Even as i see signs of failure or things to worry about, i refuse to let go of this. i dont know if that is good or bad...

Posting with permission and constant supervision. May I someday wear his mark and collar.

31 Oct 09, 5:04 PM
297-440-487
US(CA), 2 yrs
i feel your pain....i have walked in your shoes....my very first real life Master owned a slave and up front in the beginning i was told that i would never be owned by Him...that He would give me the training i was seeking in moving from online to real life ...but He would never fully be my Master....

i think that submissives do fall in love with their Master, trainer, mentor, ect....it is the depth that we expose ourselves...my trainer in every sense of the word was "Master" to me....i felt deeply....it only lasted a year....i too had the same hopes as you....that perhaps he would fall in love with me...that i could change Him...that if i surrendered all that i was how could He not fall in love with me and in the end own me...there is where the fatal flaw begins.

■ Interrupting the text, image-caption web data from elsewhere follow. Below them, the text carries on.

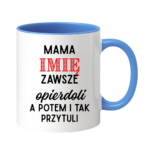 Kubek z dowolnym imieniem "Mama zawsze opie*doli"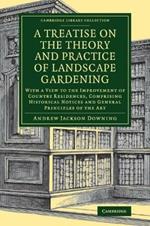 A Treatise on the Theory and Practice of Landscape Gardening: With a View to the Improvement of Country Residences, Comprising Historical Notices and General Principles of the Art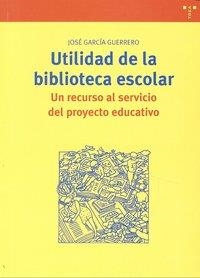 UTILIDAD DE LA BIBLIOTECA ESCOLAR | 9788497045179 | GARCÍA GUERRERO, JOSÉ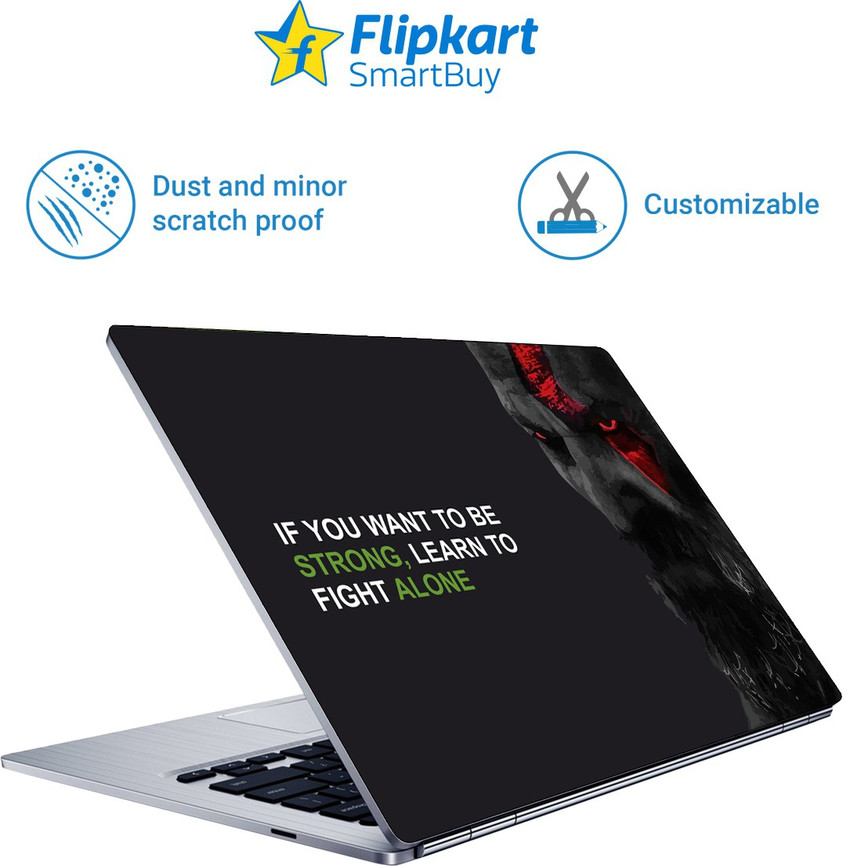 Flipkart SmartBuy HD Printed Laptop Skin Sticker Vinyl Fits Size Upto 15  inches No Residue, Bubble Free- FKSB Fight Alone Vinyl Laptop Decal 15.6  Price in India - Buy Flipkart SmartBuy HD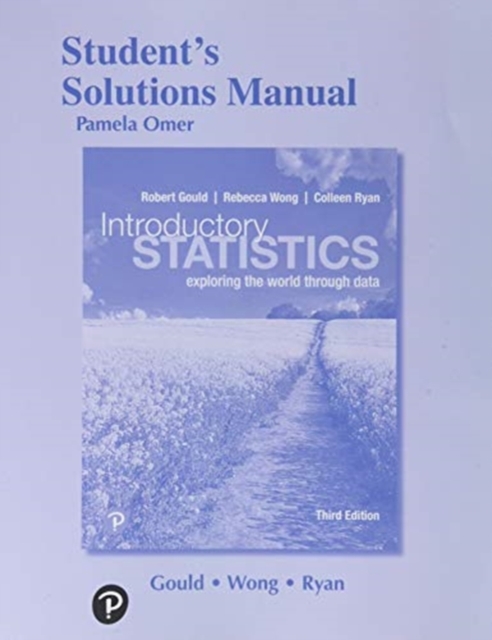 Student Solutions Manual for Introductory Statistics : Exploring the World Through Data, Hardback Book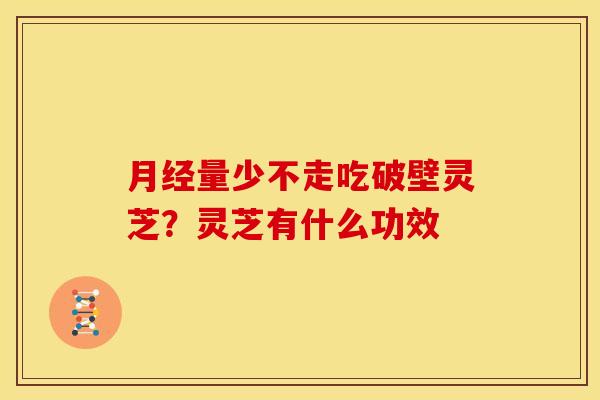 月经量少不走吃破壁灵芝？灵芝有什么功效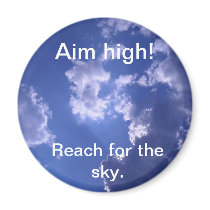Magnet Reach for the sky., Aim high! magnets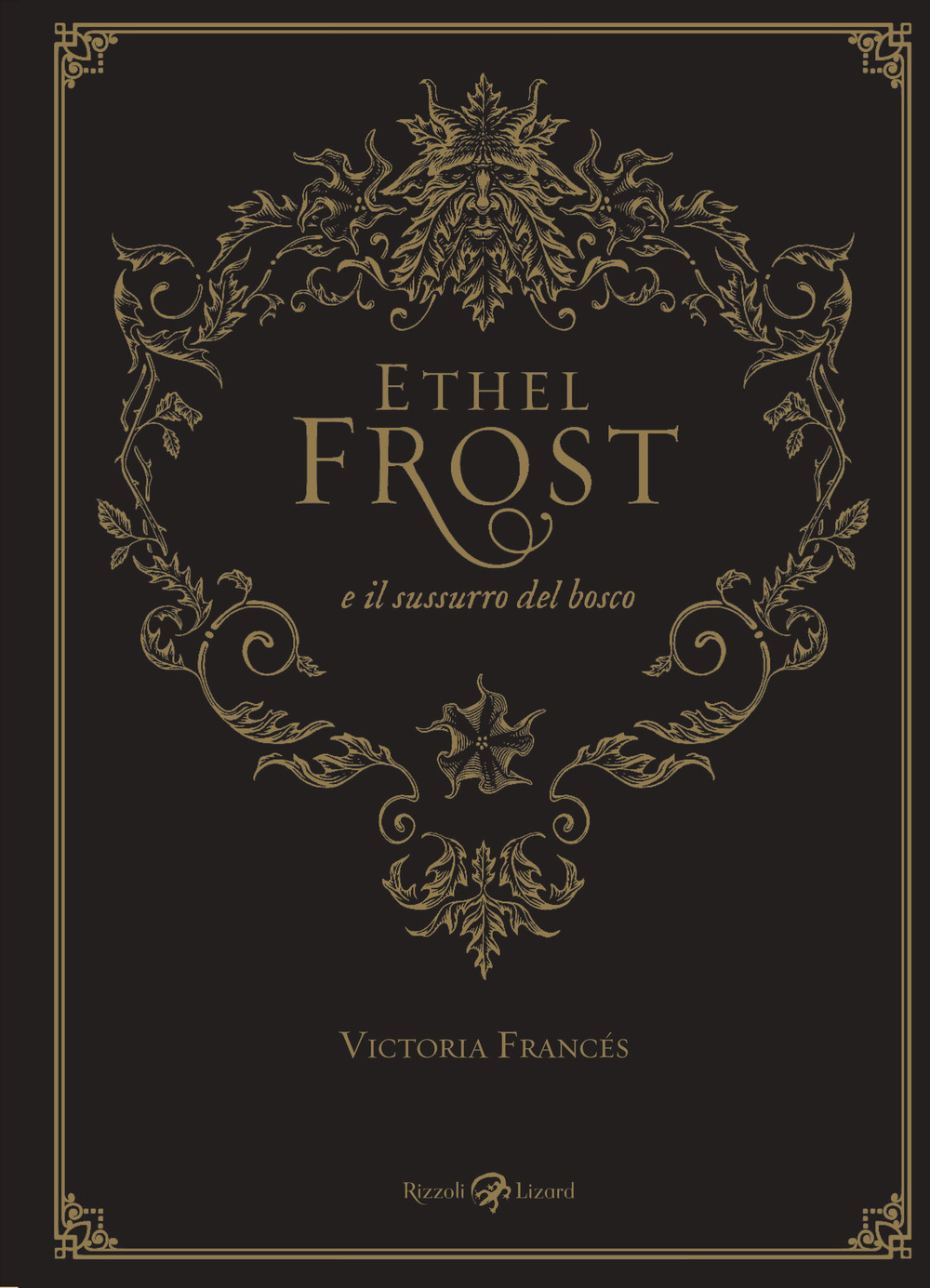 Libro Ethel Frost e il sussurro del bosco di Victoria Francés - ean 9788817156516 - Rizzoli Lizard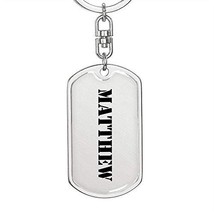 Matthew - Luxury Dog Tag Keychain - $29.95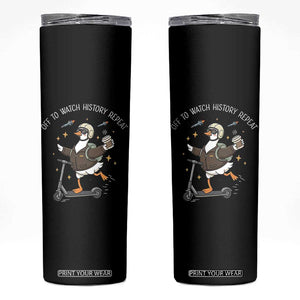 Funny Goose Support Freedom Skinny Tumbler Off To Watch History Repart TS14 Black Print Your Wear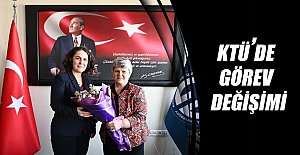 KTÜ’de görev değişimi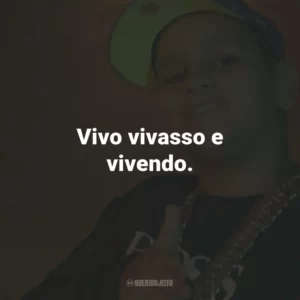 Vivo vivasso e vivendo.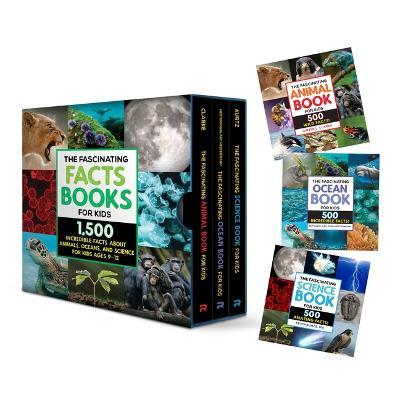 The Fascinating Facts Books for Kids 3 Book Box Set: 1,500 Incredible Facts about Animals, Oceans, and Science for Kids Ages 9-12 - Rockridge Press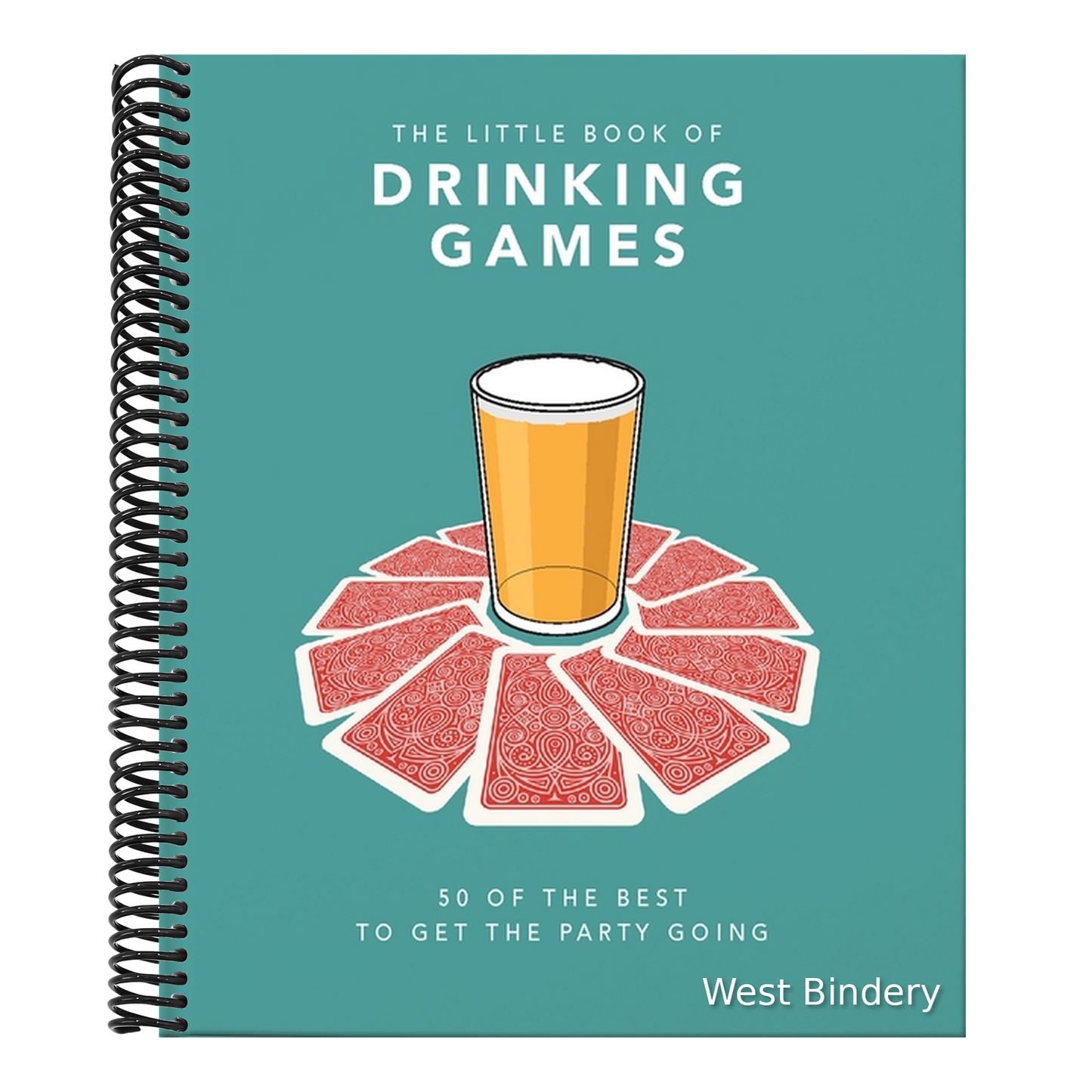 The Little Book of Drinking Games: 50 of the Best to Get the Party Going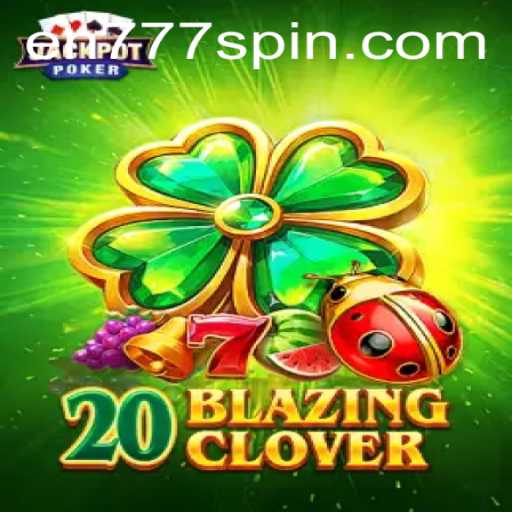 Unveiling 20BlazingClover: A Thrilling Adventure with en777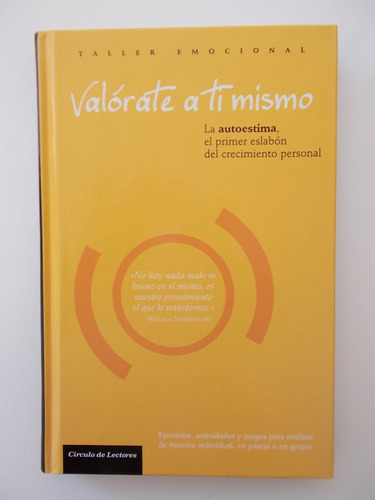 Valórate A Ti Mísmo: La Autoestima, El Primer Eslabón Del Cr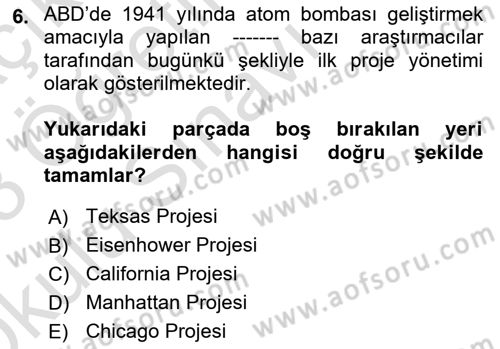 Sosyal Bilimlerde Proje Yönetimi Dersi 2022 - 2023 Yılı Yaz Okulu Sınav Soruları 6. Soru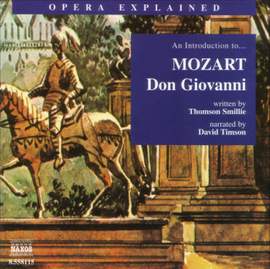 Opera Explained: Mozart - Don Giovanni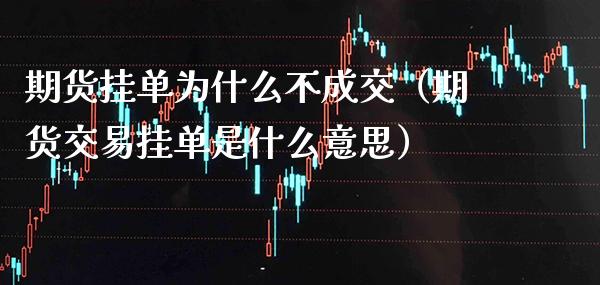 期货挂单为什么不成交（期货交易挂单是什么意思）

You can change no one but yourself....it is very difficult when you want something and the other person is not on the same page...i will tell you it was the most wonderful year of my life....but in the end of that year it became more painful for me to continue with Him then to ask for release....i had to do alot of soul searching and it took me a while to find the strenght....but for my own mental well being....i knew i could not carry on.....that i owed it to myself to find everything that i needed....so i decided it was time to leave....i will not lie...it was the single hardest thing i ever did in my life....harder then divorce for me...

For a long time after i left....i ached for Him ...qusitoning if i did the right thing....still to this day i have thoughts of Him....i will always carry a specail place in my heart for Him....i am greatful for the journey i did have with Him.....but leaving....now in retrospect was the right thing for me to do....how would i find what i needed if i had stayed...because bottom line....we try to change or hope to change another ....we always don't get what we want....the only thing we can control truely....is ourselves....eventually something clicked for me and i realized it...but it was a process and 6 months into it i would not of been able to do this....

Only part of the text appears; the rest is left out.